18 de marzo de 2020

WILD WILDE





La verdad siempre se revela cuando ya se ha ido todo el mundo. Después de tres años de la carta definitiva, la ví entre la muchedumbre de la avenida.

Ella estaba sola, elegante, meneando el flequillo con un tips que podía distinguir a muchos metros de distancia. Mientras vacilaba en acercarme, llegó un tipo arreglado y con un paso resuelto. Ella le otorgó un vistazo de enamorada. El la observó con ternura. Ella algo retraída se acercó, lo besó en la boca y posó las manos sobre sus pómulos. Reparé en su anillo cuadriforme y plateado mientras marchaban como tejiendo un atajo hacia las escaleras del subte. No quedaron dudas, el lenguaje de la verdad es siempre sencillo.

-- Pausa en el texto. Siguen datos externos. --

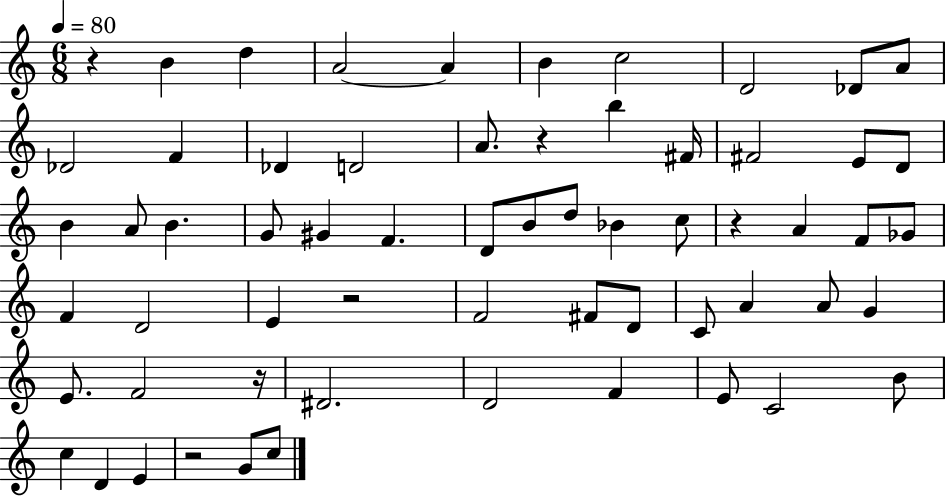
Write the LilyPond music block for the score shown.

{
  \clef treble
  \numericTimeSignature
  \time 6/8
  \key c \major
  \tempo 4 = 80
  r4 b'4 d''4 | a'2~~ a'4 | b'4 c''2 | d'2 des'8 a'8 | \break des'2 f'4 | des'4 d'2 | a'8. r4 b''4 fis'16 | fis'2 e'8 d'8 | \break b'4 a'8 b'4. | g'8 gis'4 f'4. | d'8 b'8 d''8 bes'4 c''8 | r4 a'4 f'8 ges'8 | \break f'4 d'2 | e'4 r2 | f'2 fis'8 d'8 | c'8 a'4 a'8 g'4 | \break e'8. f'2 r16 | dis'2. | d'2 f'4 | e'8 c'2 b'8 | \break c''4 d'4 e'4 | r2 g'8 c''8 | \bar "|."
}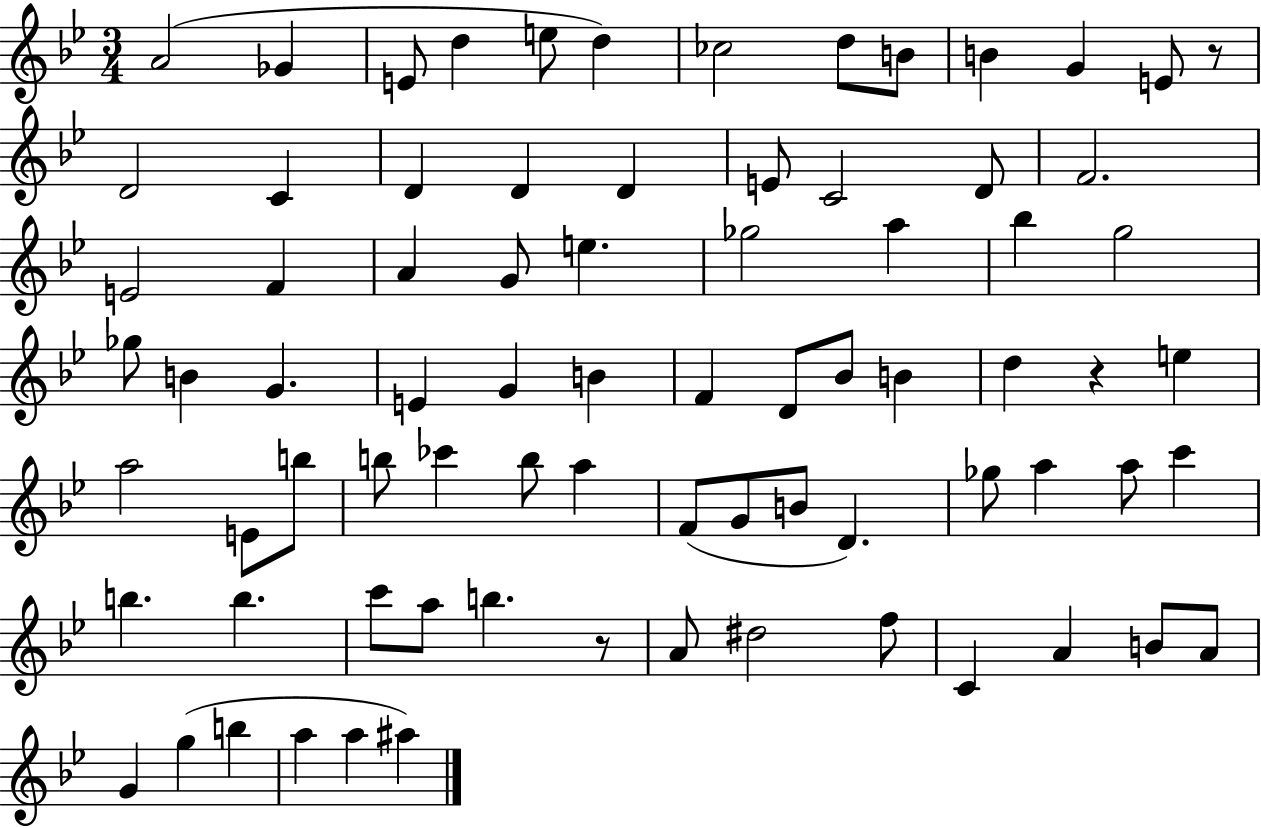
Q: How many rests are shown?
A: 3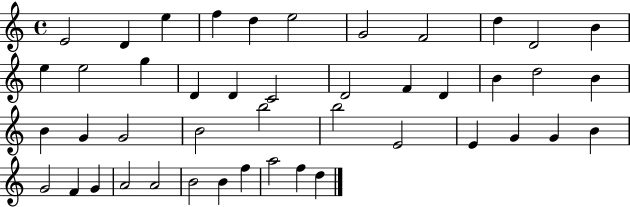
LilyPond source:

{
  \clef treble
  \time 4/4
  \defaultTimeSignature
  \key c \major
  e'2 d'4 e''4 | f''4 d''4 e''2 | g'2 f'2 | d''4 d'2 b'4 | \break e''4 e''2 g''4 | d'4 d'4 c'2 | d'2 f'4 d'4 | b'4 d''2 b'4 | \break b'4 g'4 g'2 | b'2 b''2 | b''2 e'2 | e'4 g'4 g'4 b'4 | \break g'2 f'4 g'4 | a'2 a'2 | b'2 b'4 f''4 | a''2 f''4 d''4 | \break \bar "|."
}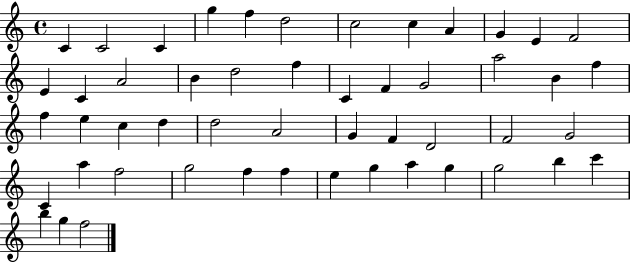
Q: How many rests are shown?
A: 0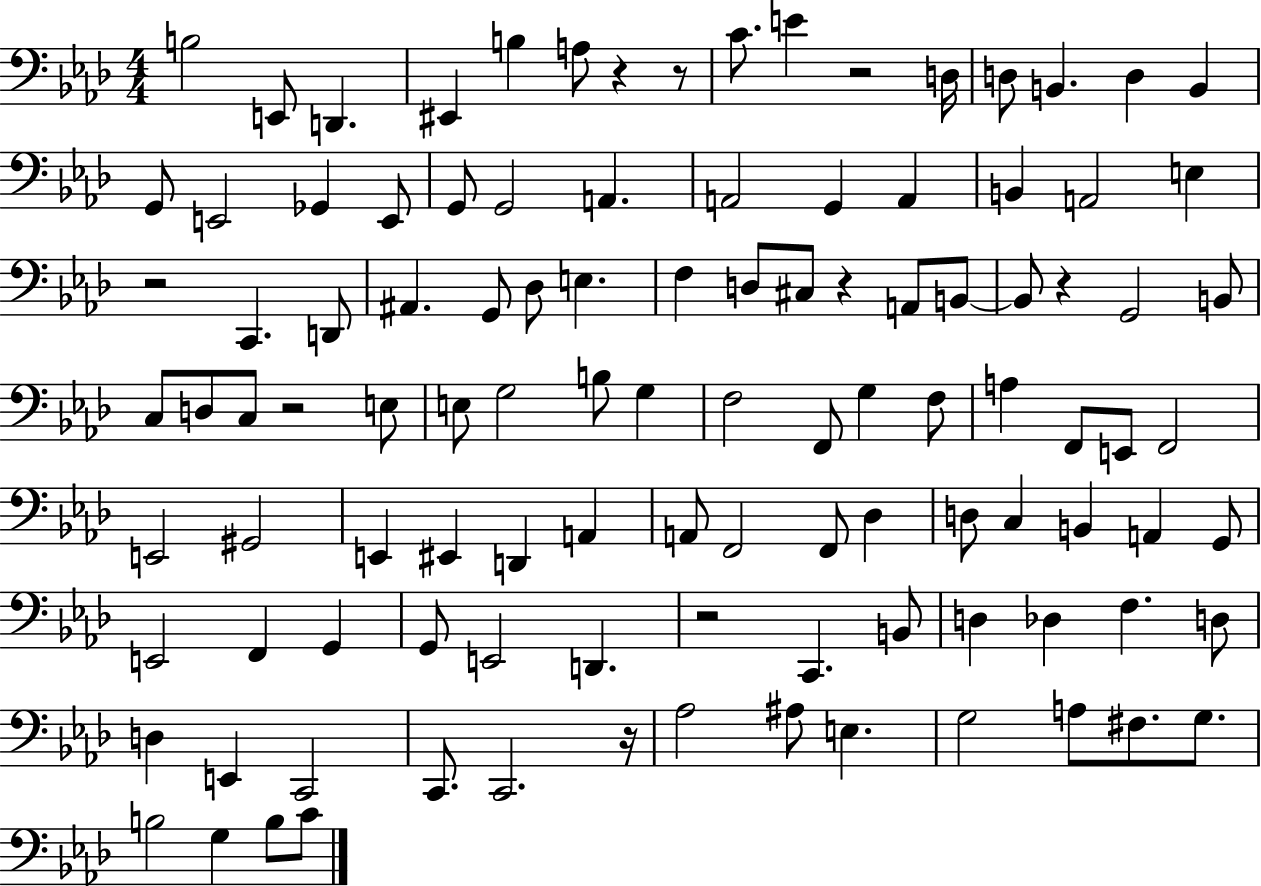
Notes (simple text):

B3/h E2/e D2/q. EIS2/q B3/q A3/e R/q R/e C4/e. E4/q R/h D3/s D3/e B2/q. D3/q B2/q G2/e E2/h Gb2/q E2/e G2/e G2/h A2/q. A2/h G2/q A2/q B2/q A2/h E3/q R/h C2/q. D2/e A#2/q. G2/e Db3/e E3/q. F3/q D3/e C#3/e R/q A2/e B2/e B2/e R/q G2/h B2/e C3/e D3/e C3/e R/h E3/e E3/e G3/h B3/e G3/q F3/h F2/e G3/q F3/e A3/q F2/e E2/e F2/h E2/h G#2/h E2/q EIS2/q D2/q A2/q A2/e F2/h F2/e Db3/q D3/e C3/q B2/q A2/q G2/e E2/h F2/q G2/q G2/e E2/h D2/q. R/h C2/q. B2/e D3/q Db3/q F3/q. D3/e D3/q E2/q C2/h C2/e. C2/h. R/s Ab3/h A#3/e E3/q. G3/h A3/e F#3/e. G3/e. B3/h G3/q B3/e C4/e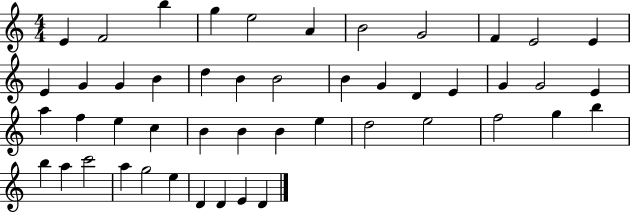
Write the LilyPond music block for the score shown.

{
  \clef treble
  \numericTimeSignature
  \time 4/4
  \key c \major
  e'4 f'2 b''4 | g''4 e''2 a'4 | b'2 g'2 | f'4 e'2 e'4 | \break e'4 g'4 g'4 b'4 | d''4 b'4 b'2 | b'4 g'4 d'4 e'4 | g'4 g'2 e'4 | \break a''4 f''4 e''4 c''4 | b'4 b'4 b'4 e''4 | d''2 e''2 | f''2 g''4 b''4 | \break b''4 a''4 c'''2 | a''4 g''2 e''4 | d'4 d'4 e'4 d'4 | \bar "|."
}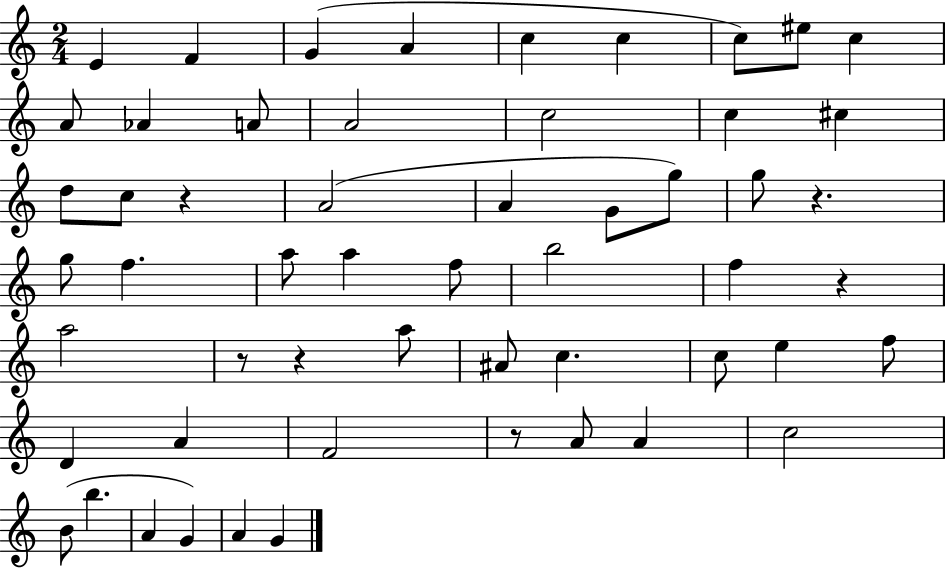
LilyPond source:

{
  \clef treble
  \numericTimeSignature
  \time 2/4
  \key c \major
  \repeat volta 2 { e'4 f'4 | g'4( a'4 | c''4 c''4 | c''8) eis''8 c''4 | \break a'8 aes'4 a'8 | a'2 | c''2 | c''4 cis''4 | \break d''8 c''8 r4 | a'2( | a'4 g'8 g''8) | g''8 r4. | \break g''8 f''4. | a''8 a''4 f''8 | b''2 | f''4 r4 | \break a''2 | r8 r4 a''8 | ais'8 c''4. | c''8 e''4 f''8 | \break d'4 a'4 | f'2 | r8 a'8 a'4 | c''2 | \break b'8( b''4. | a'4 g'4) | a'4 g'4 | } \bar "|."
}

Atónito distinguí la cartera negra algo deslucida en la que ella encajó con fiereza una postal de la Atlántica de Río, una foto de Evita y un pedazo mío que sucumbía. Yo sabía que al dejarla ir se desmoronaba una relación con ninguna prisa, besos con risas, y noches sin futuro.


Exhale pausadamente. Mis piernas temblaban y ansiaban salir de allí. Mi corazón, en cambio, me ordenaba quedarme un minuto más. Bajé por Carlos Calvo, me perdí entre las veredas de San Cristóbal y al llegar al departamento mi mujer me sorprendió en el hall. Me vió llorar y me preguntó si estaba todo bien. No respondí.

Al entrar fui directo a la cocina, busqué mi taza y esparcí dos cucharadas de café con azúcar. Me asaltó un flash back de Pão de Açúcar. Batí y batí a un ritmo maquinal mientras dos lágrimas auxiliaban la mezcla. Unos minutos después me restablecí y revelé a mi mujer que estaba todo bien. La besé al tiempo que tomaba el primer sorbo de café y agasajaba a Cooke, mi perrito pekinés. Durante años preferí una locura que me ilusione a una verdad que me tumbe.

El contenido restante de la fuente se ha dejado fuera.